Agenda 20/02/2016 às 08:22

O artigo traz o caso do depoimento do ex-presidente em processo penal, com esclarecimentos sobre o papel da testemunha na instrução do feito.

Noticia-se que, arrolado como testemunha de defesa do pecuarista José Carlos Bumlai, o ex-presidente Lula vai depor pela primeira vez perante o juiz Sergio Moro em 14 de março.

O depoimento do ex-presidente será por videoconferência.

Preso desde outubro, em Curitiba, Bumlai afirmou em depoimentos à Polícia Federal que Lula não teve envolvimento em negócios relativos à Petrobras. Ele confirmou que é amigo pessoal do ex-presidente, mas que nunca se beneficiou dessa relação no âmbito comercial.

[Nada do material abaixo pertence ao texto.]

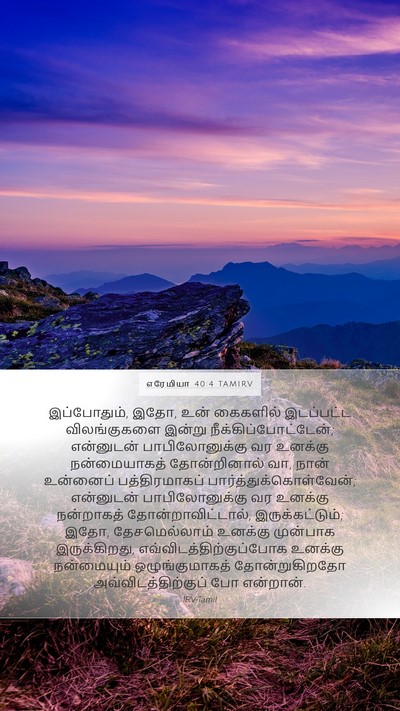 எரேமியா 40:4 TAMIRV Bible Verse Image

Bumlai também admitiu ter fraudado um empréstimo de R$ 12 milhões, contraído em 2004, que teve o PT como destinatário final, mas isentou Lula da negociação.

Os investigadores da Lava Jato acreditam que, em troca do empréstimo, a Schahin obteve um contrato de cerca de R$ 1,5 bilhão para operar o navio-sonda Vitória 10.000. A revelação foi feita por um dos donos do grupo, Salim Schahin, em acordo de delação premiada com a força-tarefa da Lava Jato.

Tanto o partido quanto e Bumlai negam vínculo entre o contrato e o empréstimo junto ao banco Schahin.

Lula não prestará depoimento como informante, mas como testemunha.

Assim, se mentir, poderá ser preso e processado.

Heleno Cláudio Fragoso (Lições de direito penal, Rio de Janeiro, Forense, volume II,  5ª edição, pág.  513)  disse que testemunha é a pessoa física chamada a depor em processo perante a autoridade, com o fim de fornecer prova de fatos relativos ao objeto do mesmo.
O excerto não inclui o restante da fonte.